- _What to produce_:
Among the lines of the material below, count those with the string "Push". Give the number alone.

Material shown: Begin

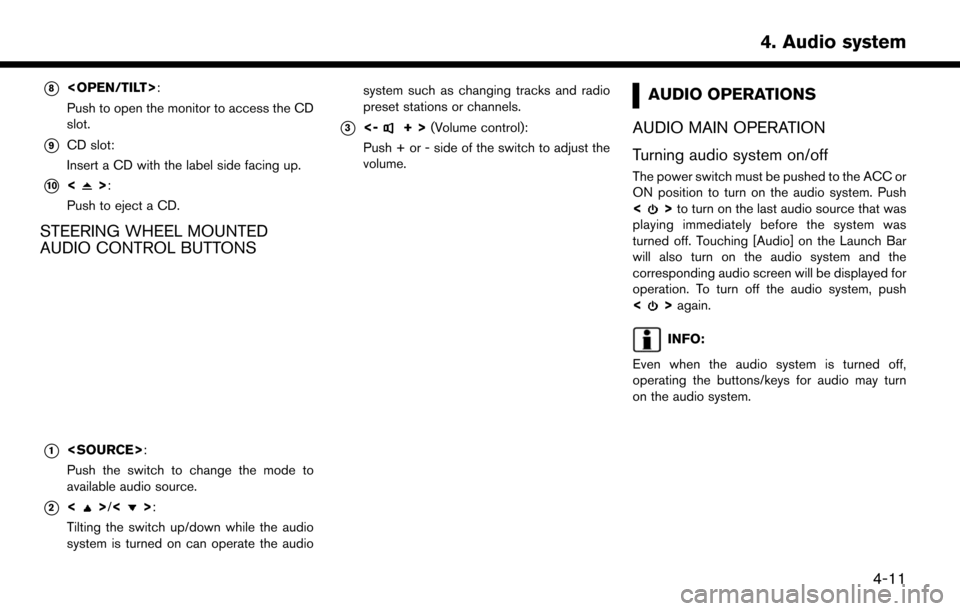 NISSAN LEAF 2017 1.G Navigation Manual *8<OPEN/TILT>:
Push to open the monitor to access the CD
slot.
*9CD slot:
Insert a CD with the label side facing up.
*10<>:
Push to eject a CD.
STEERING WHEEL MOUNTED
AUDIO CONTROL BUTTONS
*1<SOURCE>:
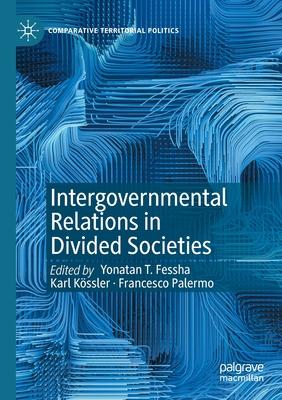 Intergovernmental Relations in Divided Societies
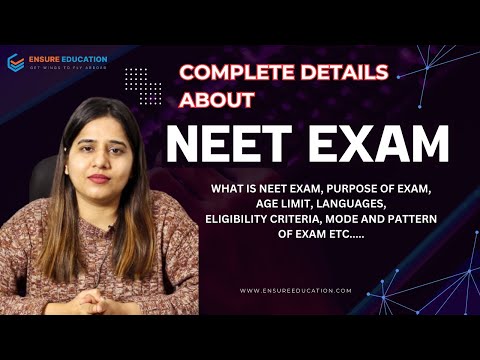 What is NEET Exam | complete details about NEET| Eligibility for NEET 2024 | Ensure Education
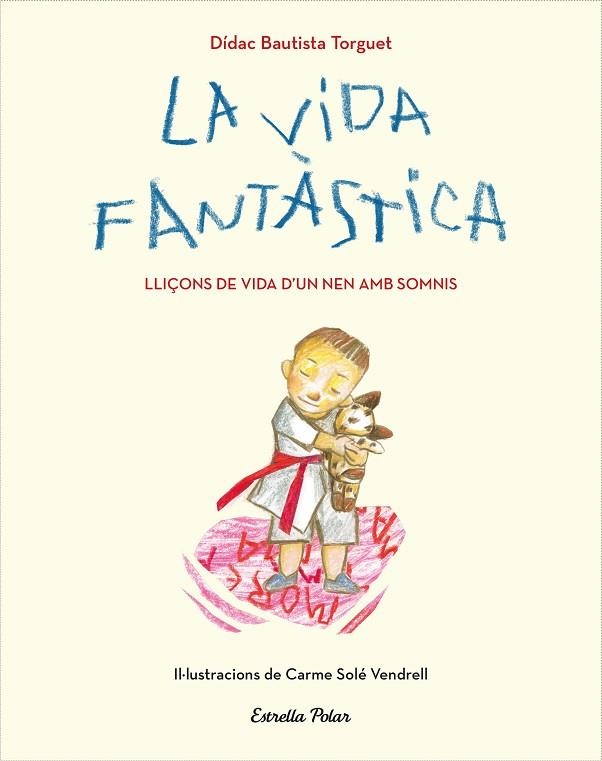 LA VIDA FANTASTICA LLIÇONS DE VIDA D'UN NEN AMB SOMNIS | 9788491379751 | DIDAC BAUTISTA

Material shown: End

- _Task response_:
2